WASHINGTON - November 17, 2010 - The nation's largest banks must undergo new "stress tests" to show they can weather another recession, and the Federal Reserve said those that pass can boost dividends paid to investors.
Banks would need to show the Fed's bank examiners that they're in good financial health and that they have adequate capital to absorb potential losses over the next two years.
The Fed oversees Wall Street's biggest banks, including Citigroup Inc., Bank of America Corp., JPMorgan Chase & Co., and Wells Fargo & Co.
Banks have to file plans with the Fed showing that they would have sufficient capital cushions to cover any losses under different economic scenarios - including if the economy were to fall back into a recession, Fed officials said.
All the 19 largest banks overseen by the Fed must file the plans by January 7, 2011 - even if they don't intend to increase their dividend payments.
The upcoming stress tests are a key part of the Fed's efforts to make sure that banks - and the entire financial system - are stable. The safety and soundness of the banking system are important for the economy's health.
Banks that don't pass the stress tests will have to take steps to raise new capital to build up their cushions.

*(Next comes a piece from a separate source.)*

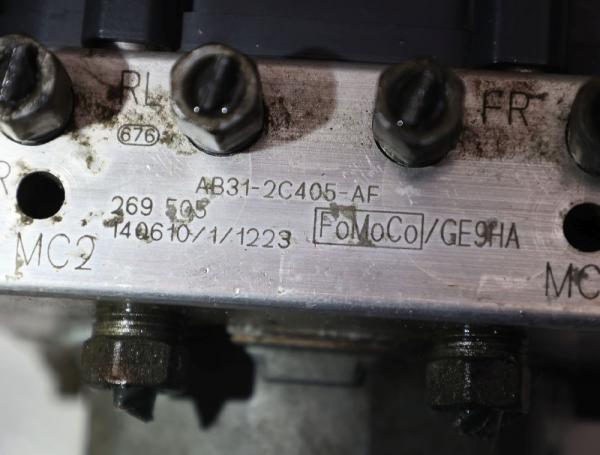 Hydraulikeinheit ABS AB312C405AF Ford RANGER 3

On Wall Street, banks' stock prices tumbled after the Fed released the guidelines. Bank of America dropped 2.7%. Wells Fargo fell 1.2%, JPMorgan Chase declined 1.1% and Citigroup slid 0.7%.
The Fed's first stress tests were conducted in 2009 as the country was still reeling from the worst Depression and financial crisis since the 1930s. Those results were made public in a move to boost confidence in the then-fragile U.S. banking system. The results of the upcoming exams, however, won't be made public, Fed officials said. That's in line with banking regulators' long tradition of keeping such information confidential.
Banks wanting to boost their dividends also would need to show the Fed they have a plan to comply with stricter global capital requirements recently agreed to in Basel, Switzerland.
Additionally, banks would need to repay the federal government any bailout money received during the financial crisis before they could boost their dividend payments.